— Data segment —
☆ ☆ ☆ ☆ ☆

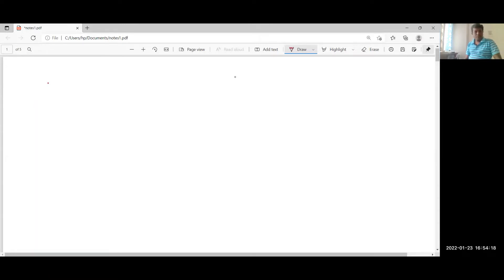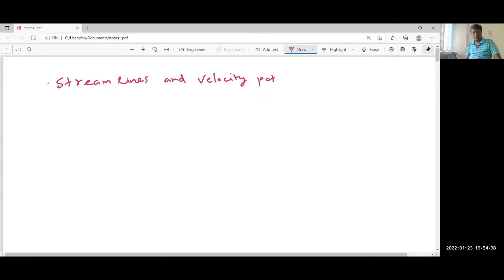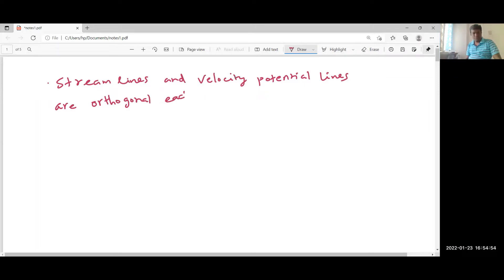Dear friends, in this video let us see about streamlines and velocity potential lines. Streamlines and velocity potential lines are orthogonal to each other. That means if you draw a line, the angle between them will be 90 degrees.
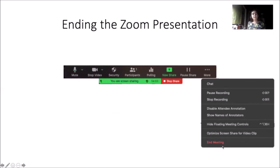So I hope this video is helpful enough to get you started with recording your presentations in Zoom. Good luck in recording your future presentations.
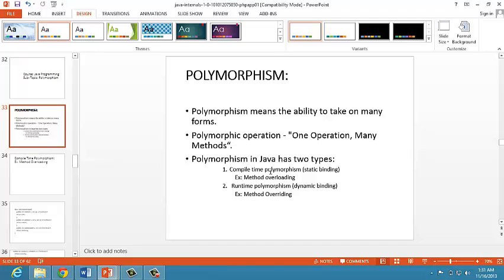The verification is done with information required to call a function. Verifier is a software filter that prevents unauthorized programs from using system resources. This is part of the JVM.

☆ ☆ ☆ ☆ ☆

— Problem to solve —
Print only the lines from the line that contains "So I hope this" to the final line of the data, inclusive. Pictures stay out.

— Solution for this exercise —
So I hope this video is helpful enough to get you started with recording your presentations in Zoom. Good luck in recording your future presentations.
The verification is done with information required to call a function. Verifier is a software filter that prevents unauthorized programs from using system resources. This is part of the JVM.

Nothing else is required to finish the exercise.